YOUR TASK =>
Please give back the listing exactly, without any of its pictures.
─── SUPPLIED DATA ───
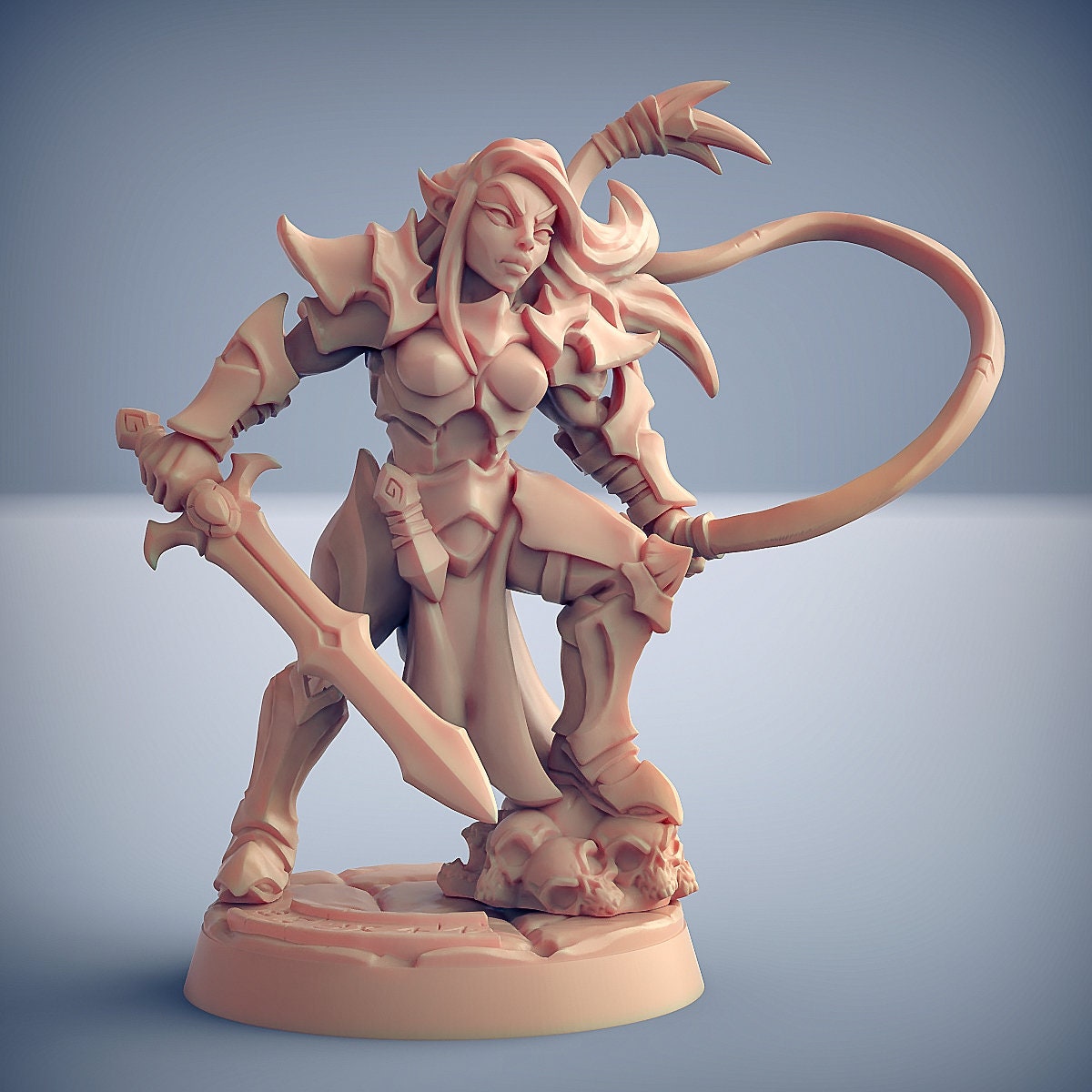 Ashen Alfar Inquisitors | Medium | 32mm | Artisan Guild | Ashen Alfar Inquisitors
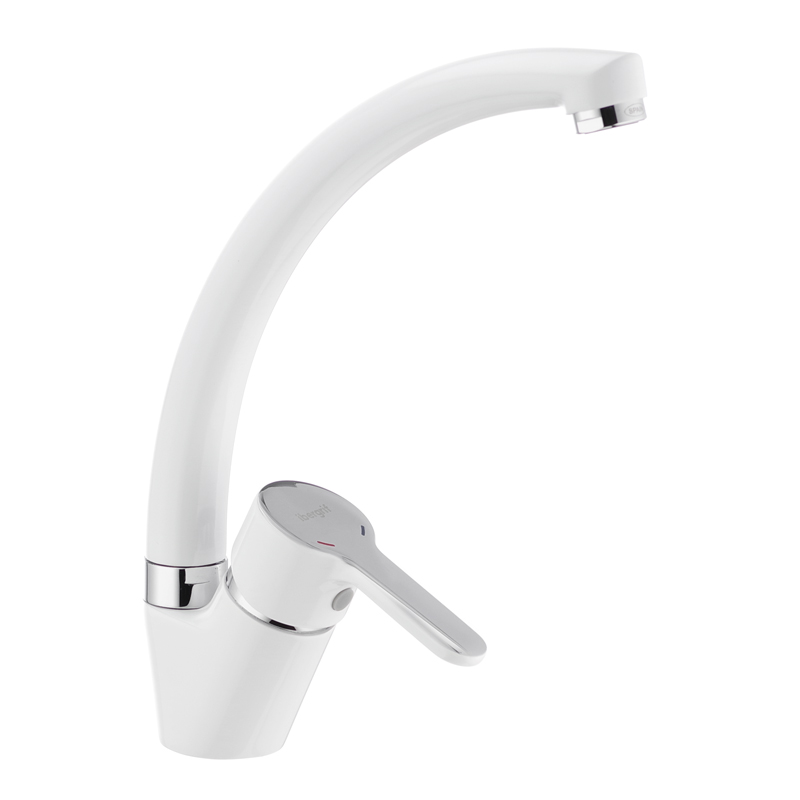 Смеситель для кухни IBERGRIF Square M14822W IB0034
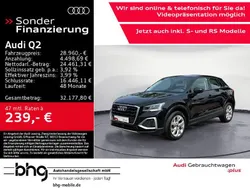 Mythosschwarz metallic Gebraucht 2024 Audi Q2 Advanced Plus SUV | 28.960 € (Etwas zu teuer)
───
RESPONSE TO THE EXERCISE =>
 Ashen Alfar Inquisitors | Medium | 32mm | Artisan Guild | Ashen Alfar Inquisitors
 Смеситель для кухни IBERGRIF Square M14822W IB0034
 Mythosschwarz metallic Gebraucht 2024 Audi Q2 Advanced Plus SUV | 28.960 € (Etwas zu teuer)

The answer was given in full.